--- SOURCE DATA ---

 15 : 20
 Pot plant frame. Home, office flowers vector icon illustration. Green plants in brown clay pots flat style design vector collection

---
--- SOURCE DATA ---

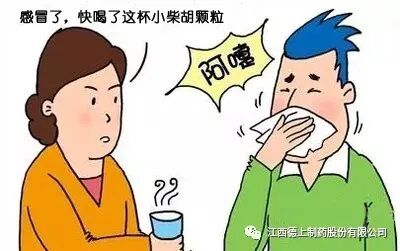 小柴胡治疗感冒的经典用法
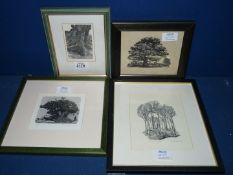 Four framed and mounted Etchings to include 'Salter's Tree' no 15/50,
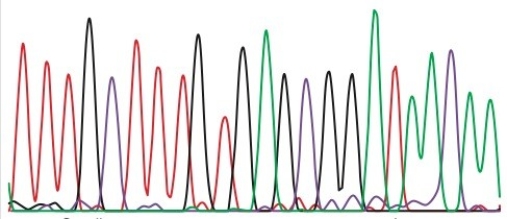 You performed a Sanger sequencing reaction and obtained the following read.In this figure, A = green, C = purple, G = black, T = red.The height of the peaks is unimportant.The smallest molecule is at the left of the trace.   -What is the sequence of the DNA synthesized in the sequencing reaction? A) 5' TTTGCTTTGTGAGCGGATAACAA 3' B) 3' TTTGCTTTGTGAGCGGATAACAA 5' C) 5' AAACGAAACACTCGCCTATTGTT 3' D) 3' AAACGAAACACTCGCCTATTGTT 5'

---
--- SOURCE DATA ---

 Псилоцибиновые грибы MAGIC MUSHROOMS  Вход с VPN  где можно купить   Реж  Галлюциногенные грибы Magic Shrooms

---

AIM OF THE EXERCISE ::
Go back to the listing above and reproduce, exactly, the stretch from the line bearing "小柴胡治疗感冒的经典用法" through the line bearing "Four framed and", without its pictures.

OUTPUT FOR THIS EXERCISE ::
 小柴胡治疗感冒的经典用法
 Four framed and mounted Etchings to include 'Salter's Tree' no 15/50,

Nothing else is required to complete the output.